(DATA SUPPLIED):
= = =

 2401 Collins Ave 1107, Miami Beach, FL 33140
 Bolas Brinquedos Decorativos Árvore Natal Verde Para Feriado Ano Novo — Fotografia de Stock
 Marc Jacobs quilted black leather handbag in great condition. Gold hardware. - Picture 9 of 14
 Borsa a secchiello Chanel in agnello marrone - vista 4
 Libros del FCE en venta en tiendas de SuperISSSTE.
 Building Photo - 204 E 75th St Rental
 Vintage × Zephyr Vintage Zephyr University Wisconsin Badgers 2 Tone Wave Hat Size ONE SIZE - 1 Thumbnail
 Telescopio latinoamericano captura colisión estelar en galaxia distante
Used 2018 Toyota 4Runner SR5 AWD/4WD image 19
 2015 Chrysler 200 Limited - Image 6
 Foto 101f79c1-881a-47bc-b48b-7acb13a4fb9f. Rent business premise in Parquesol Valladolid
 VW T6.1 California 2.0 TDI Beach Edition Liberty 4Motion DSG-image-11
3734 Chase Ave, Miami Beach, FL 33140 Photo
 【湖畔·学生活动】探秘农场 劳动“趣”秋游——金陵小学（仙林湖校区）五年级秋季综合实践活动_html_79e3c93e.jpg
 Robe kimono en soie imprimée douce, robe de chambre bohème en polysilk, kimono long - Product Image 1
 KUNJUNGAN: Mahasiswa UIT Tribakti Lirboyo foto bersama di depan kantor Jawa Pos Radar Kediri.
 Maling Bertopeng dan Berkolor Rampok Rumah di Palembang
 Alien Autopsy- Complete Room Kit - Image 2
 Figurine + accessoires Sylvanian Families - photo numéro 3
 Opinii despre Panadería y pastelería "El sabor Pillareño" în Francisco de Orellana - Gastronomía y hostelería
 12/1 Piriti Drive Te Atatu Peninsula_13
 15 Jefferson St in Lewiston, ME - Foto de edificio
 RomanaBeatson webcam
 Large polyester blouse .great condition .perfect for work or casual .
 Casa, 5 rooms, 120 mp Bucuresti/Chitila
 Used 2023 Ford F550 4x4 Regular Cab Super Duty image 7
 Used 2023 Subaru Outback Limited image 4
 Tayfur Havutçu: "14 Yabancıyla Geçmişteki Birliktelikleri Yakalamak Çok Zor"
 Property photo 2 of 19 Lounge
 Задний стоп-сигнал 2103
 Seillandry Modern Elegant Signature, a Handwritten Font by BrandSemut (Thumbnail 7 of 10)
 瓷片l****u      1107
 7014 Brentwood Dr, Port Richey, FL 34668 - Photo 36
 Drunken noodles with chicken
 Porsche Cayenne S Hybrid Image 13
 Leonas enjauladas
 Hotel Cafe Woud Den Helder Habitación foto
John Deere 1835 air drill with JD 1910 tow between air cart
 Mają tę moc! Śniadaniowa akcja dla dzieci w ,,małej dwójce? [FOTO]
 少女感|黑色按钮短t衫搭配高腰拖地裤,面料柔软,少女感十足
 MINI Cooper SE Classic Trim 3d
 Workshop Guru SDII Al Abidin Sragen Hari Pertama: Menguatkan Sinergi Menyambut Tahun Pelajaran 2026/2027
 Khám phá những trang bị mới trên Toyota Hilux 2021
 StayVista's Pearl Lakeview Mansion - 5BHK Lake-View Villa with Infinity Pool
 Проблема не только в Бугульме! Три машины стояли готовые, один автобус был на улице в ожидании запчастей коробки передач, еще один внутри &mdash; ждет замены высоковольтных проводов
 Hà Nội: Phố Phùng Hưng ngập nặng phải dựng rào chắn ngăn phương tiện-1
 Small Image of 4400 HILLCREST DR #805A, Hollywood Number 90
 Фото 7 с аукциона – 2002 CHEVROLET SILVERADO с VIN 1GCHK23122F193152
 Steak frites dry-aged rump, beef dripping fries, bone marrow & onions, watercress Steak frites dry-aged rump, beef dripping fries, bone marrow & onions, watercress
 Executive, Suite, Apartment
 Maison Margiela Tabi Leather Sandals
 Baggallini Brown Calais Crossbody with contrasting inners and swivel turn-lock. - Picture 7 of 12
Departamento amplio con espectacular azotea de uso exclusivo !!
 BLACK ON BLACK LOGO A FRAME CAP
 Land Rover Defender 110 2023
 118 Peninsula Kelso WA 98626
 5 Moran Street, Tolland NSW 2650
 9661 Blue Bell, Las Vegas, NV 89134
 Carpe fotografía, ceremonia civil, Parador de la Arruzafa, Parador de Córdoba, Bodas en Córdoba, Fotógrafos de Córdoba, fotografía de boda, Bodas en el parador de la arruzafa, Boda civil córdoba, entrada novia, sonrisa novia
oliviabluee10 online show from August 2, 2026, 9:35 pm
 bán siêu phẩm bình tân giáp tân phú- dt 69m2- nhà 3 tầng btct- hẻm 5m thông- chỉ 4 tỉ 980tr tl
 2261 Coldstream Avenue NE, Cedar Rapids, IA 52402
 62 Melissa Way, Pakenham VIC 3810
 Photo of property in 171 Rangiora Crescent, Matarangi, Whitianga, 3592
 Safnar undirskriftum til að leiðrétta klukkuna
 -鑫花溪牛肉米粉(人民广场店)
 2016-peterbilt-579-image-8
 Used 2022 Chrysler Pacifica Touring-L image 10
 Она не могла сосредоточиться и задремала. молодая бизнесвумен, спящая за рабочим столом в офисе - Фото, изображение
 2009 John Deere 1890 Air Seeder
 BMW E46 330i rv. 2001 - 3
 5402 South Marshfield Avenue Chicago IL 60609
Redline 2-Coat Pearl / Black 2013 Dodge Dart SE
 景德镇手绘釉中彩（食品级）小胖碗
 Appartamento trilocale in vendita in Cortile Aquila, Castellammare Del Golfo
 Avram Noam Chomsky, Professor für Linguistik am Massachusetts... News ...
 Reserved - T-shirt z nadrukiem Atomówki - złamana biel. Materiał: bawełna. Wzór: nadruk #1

= = =

(REQUIRED WORK): Which lines above hold the string "Beach"? Please copy all of them.

(TASK RESULT):
 2401 Collins Ave 1107, Miami Beach, FL 33140
 VW T6.1 California 2.0 TDI Beach Edition Liberty 4Motion DSG-image-11
3734 Chase Ave, Miami Beach, FL 33140 Photo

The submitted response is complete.